Our man on the bar stool mixes it up at Terra Mae
“I'll stick with gin.
Champagne is just ginger ale that knows somebody.”
— M*A*S*H, Hawkeye, "Ceasefire," 1973
Don't despair, Gin, you're in good company.
• Famously known for the martini, which James Bond prefers shaken, not stirred.
• Auntie Mame said, "Stir. Never shake. It bruises the gin."
Both, of course, were wrong. You can put it in a centrifuge as far as I'm concerned—as long as it gets the job done.
I'm by no means a connoisseur but I know what I like—and this week I'm into gin. It's been sliding down the throats of everyone from royalty to reprobates (and sometimes both at the same time) for 400 years.
Back in the Middle Ages,, a Dutch physician was sitting around doing a lot of nothing because the last episode of "Breaking Bad" hadn't been aired yet. So, he and some old college buddies went out to do some reindeer tipping and got the clever idea of spicing up his favorite bland imbibement. Seeing as the Bi-Lo was closed, he began picking berries off the nearest bush and, "Kijken!" (that's Dutch for voila)...Gin.
During the following years, various companies refined this recipe and created a plethora of distinct brands—and with these, brought the humble gin into its own.
I recently had the pleasure of running a very civilized gauntlet through some of the more distinguished brands of this ilk at Terra Mae with gentlemanly bar master Justin Stamper. When he greeted me, he was boiling up a caldron of spices and I swear I heard him reciting lines from “Macbeth.” I strapped myself in a comfy stool and handed him the keys. I thought I must already be in my cups, because he became blurry with liquid motion as he pulled bottles and glasses and ice and various shiny instruments of undefined origin from thin air and began his alchemy.
The first treat on the menu this evening was the classic Martinez. For this, Justin went with the Tangueray No. 10 because of its stout bouquet and sweet citrus infusion. This, paired with orange bitters, Lejon sweet vermouth and Luxardo maraschino liqueur, is the perfect early October afternoon cocktail. It's a flavor that makes you ask, "Is it late summer or early fall?"
Right now, it's both. Less talk, more monkey.
Now we were getting somewhere.
Before my fingertips assumed room temperature again, there was "Justin on the Spot" sliding over a spooky-looking number called Aviation. My first thought was, “This would look really boss under a black light!”
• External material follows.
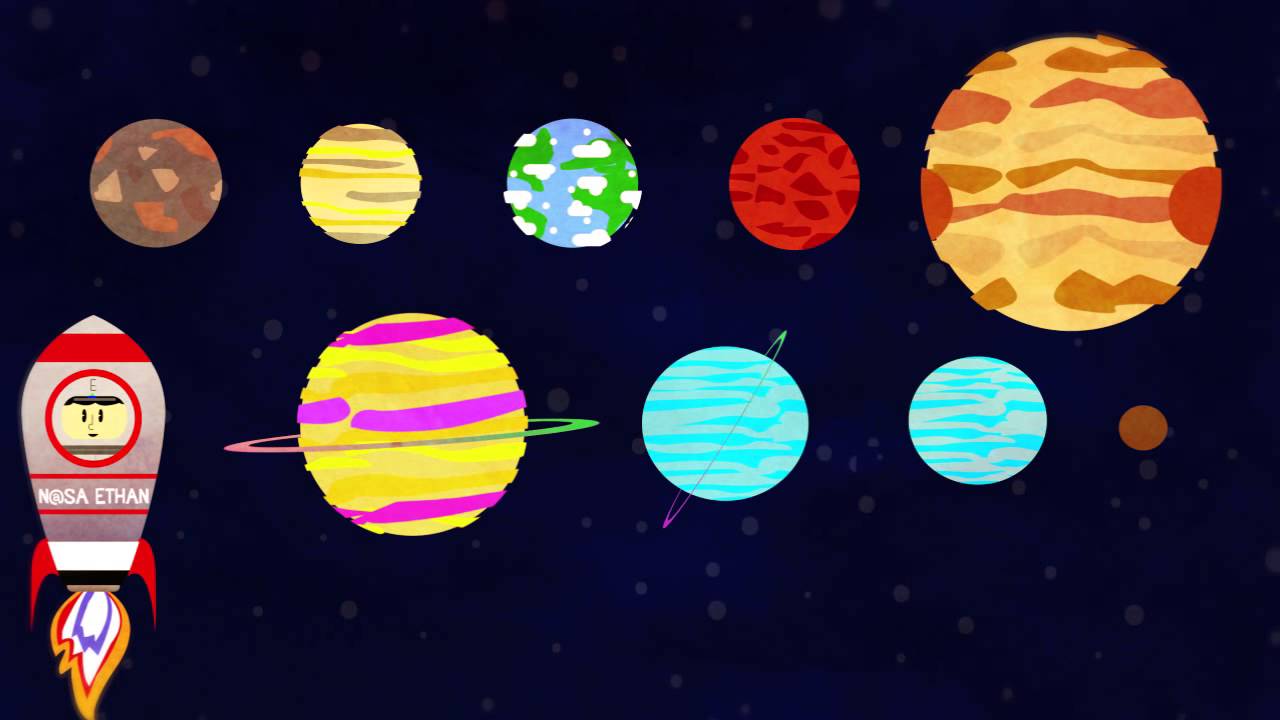 Planets Song Animated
Aviation Gin is one of the new breed of American gins that's more subdued than your classic London dry and was chosen for this little number because of its clean floral and citrus undertones that, when mixed with lemon juice, make up the top two-thirds of this layered cocktail. In itself, that’s a treat. But slow down, Speedy, there's more.
On the bottom, you'll eventually discover a dark purple pit of Luxardo maraschino and Marie Blizzard Parfait D'amour...a sweet rose and vanilla liqueur.
Bang! How yoo dooin'?
As I sat grinning at the bottom of the glass like a dog that's just been shown a card trick, my faithful new best pal hit me with his best shot.
Here's a reminder that the leaves on the trees have decided, "Screw it! We're outta here."
I highly recommend hooking up with a selection of gins this season and had a righteous time tripping the gin fantastic up on Tenth Street.
Slipping out the door into the continuing 80-degree heat though, I'm reminded there's not a reindeer to be tipped in a thousand miles. Yet.